Dataset extract:
● ● ●
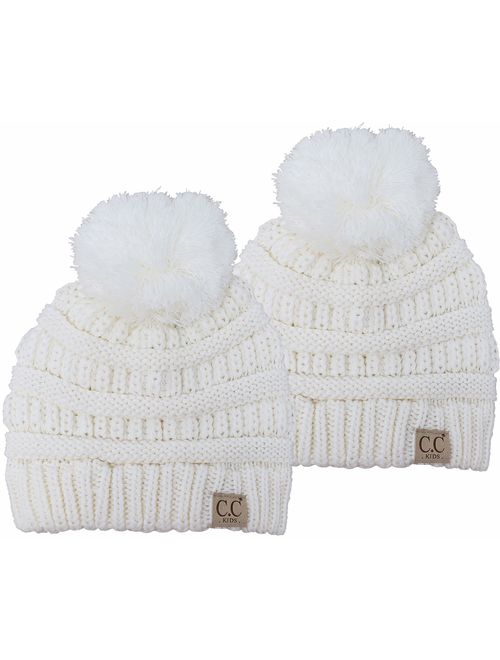 Funky Junque Kids Baby Toddler Cable Knit Children's Pom Winter Hat Beanie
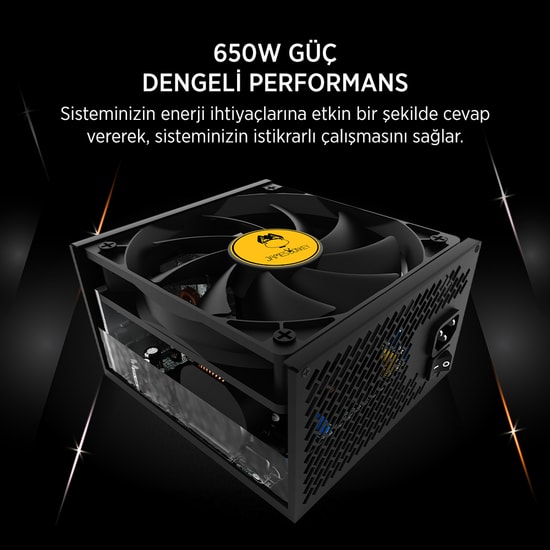 James Donkey JDP650 650W 80+ Bronze Güç Kaynağı - Aktif PFC, 120mm Fan, OVP/UVP/SCP Korumalı, Siyah Power Supply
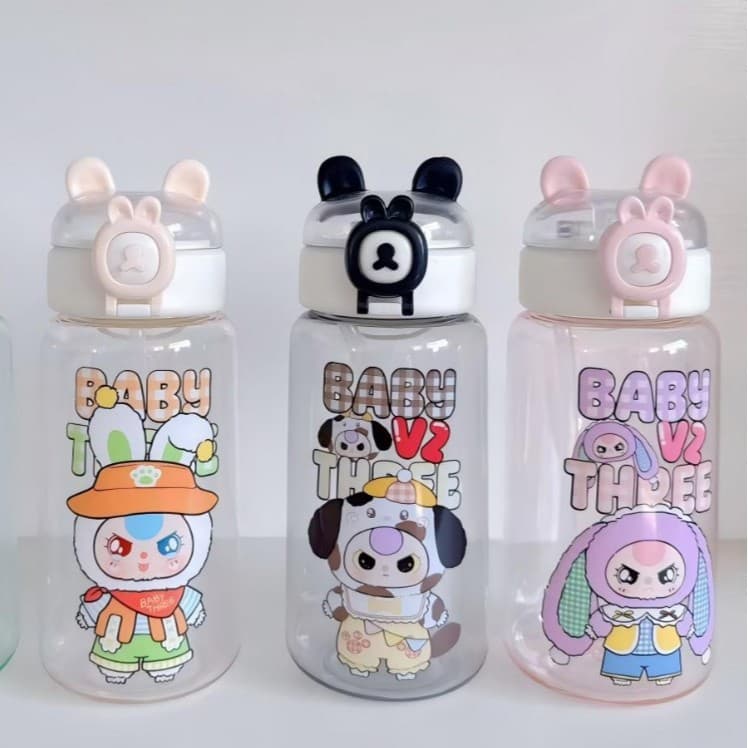 Large Capacity Portable Kids Water Bottle for School Summer Cartoon Anime Straw Big Belly Cup Heat Resistant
● ● ●
Problem to solve: Return every line of the data above exactly, and omit all pictures.

Exercise response:
 Funky Junque Kids Baby Toddler Cable Knit Children's Pom Winter Hat Beanie
 James Donkey JDP650 650W 80+ Bronze Güç Kaynağı - Aktif PFC, 120mm Fan, OVP/UVP/SCP Korumalı, Siyah Power Supply
 Large Capacity Portable Kids Water Bottle for School Summer Cartoon Anime Straw Big Belly Cup Heat Resistant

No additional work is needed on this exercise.